### Extracted information

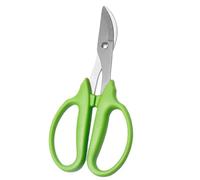 DINHEAROM Sécateur Robuste Jardinage en Métal Levier Renforcé, Ciseaux à Fleurs pour L'automne Décoration et Taille-plantes Précises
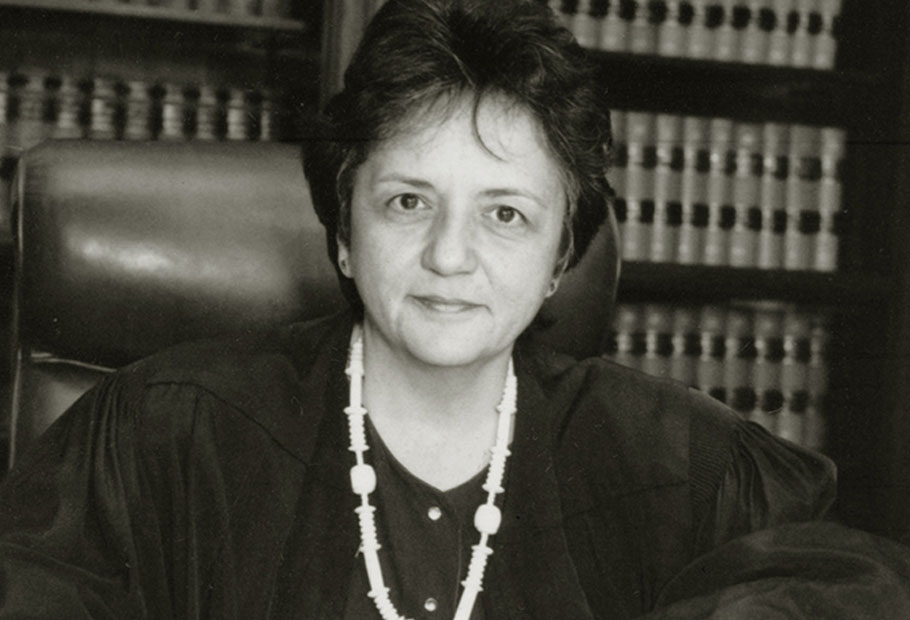 Justice Shirley Abrahamson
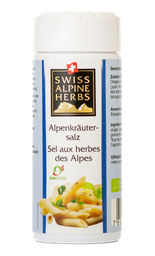 [SAH0007 TU] Bio Sel aux herbes des Alpes 60g TU 6 Pack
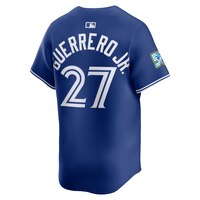 Toronto Blue Jays Nike Guerrero Limited Jersey Back_Angled_Right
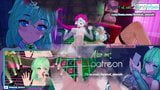 Jessie se fait baiser en POV dans un casino. pokemon hentai. snapshot 20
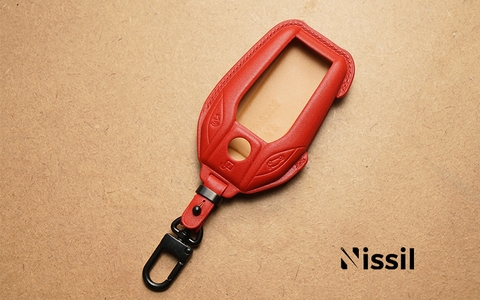 Bao da khoá ô tô BMW i8 - Màn hình Smart - Nappa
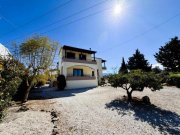 Xirosterni MIT VIDEO Kreta, Xirosterni: Villa mit Panoramablick auf Meer und weiße Berge auf einem 5.159 m² großen Privatgrundstück
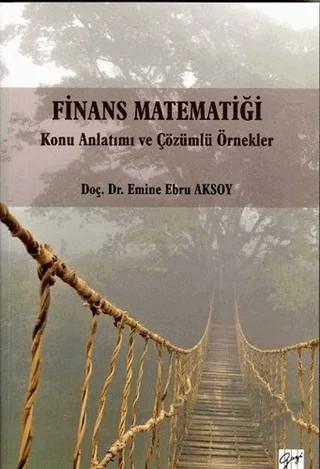 Finans Matematiği – Emine Ebru Aksoy – Gazi Kitabevi kitap kapağı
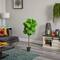 4ft. Fiddle Leaf Tree with Decorative Planter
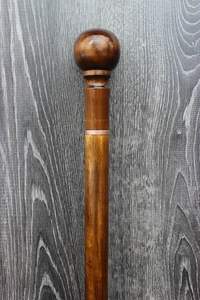 Empuñadura de Madera para Bastón, Agarre Cómodo Hecho a Mano, Empuñadura de Madera de Lujo para Bastón, Estilo Tradicional - Product Image 3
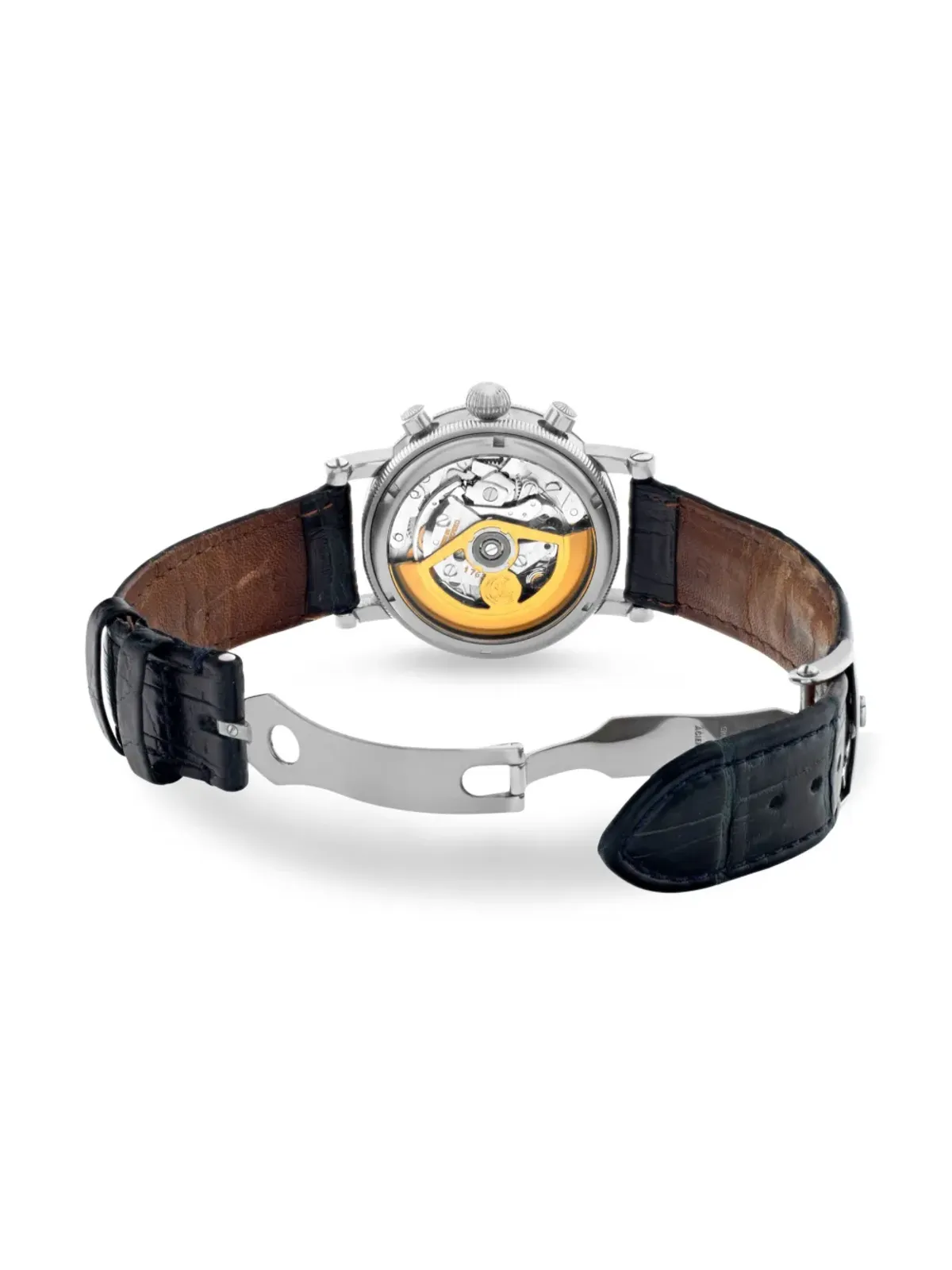 Chronoswiss ビンテージ ルナー クロノグラフ ブラック - 画像4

######

Reproduce, exactly and without pictures, the lines above from the one containing "Bao da khoá" through the last line of the material, both ends included, and nothing more.

 Bao da khoá ô tô BMW i8 - Màn hình Smart - Nappa
 Xirosterni MIT VIDEO Kreta, Xirosterni: Villa mit Panoramablick auf Meer und weiße Berge auf einem 5.159 m² großen Privatgrundstück
 Finans Matematiği – Emine Ebru Aksoy – Gazi Kitabevi kitap kapağı
 4ft. Fiddle Leaf Tree with Decorative Planter
 Empuñadura de Madera para Bastón, Agarre Cómodo Hecho a Mano, Empuñadura de Madera de Lujo para Bastón, Estilo Tradicional - Product Image 3
 Chronoswiss ビンテージ ルナー クロノグラフ ブラック - 画像4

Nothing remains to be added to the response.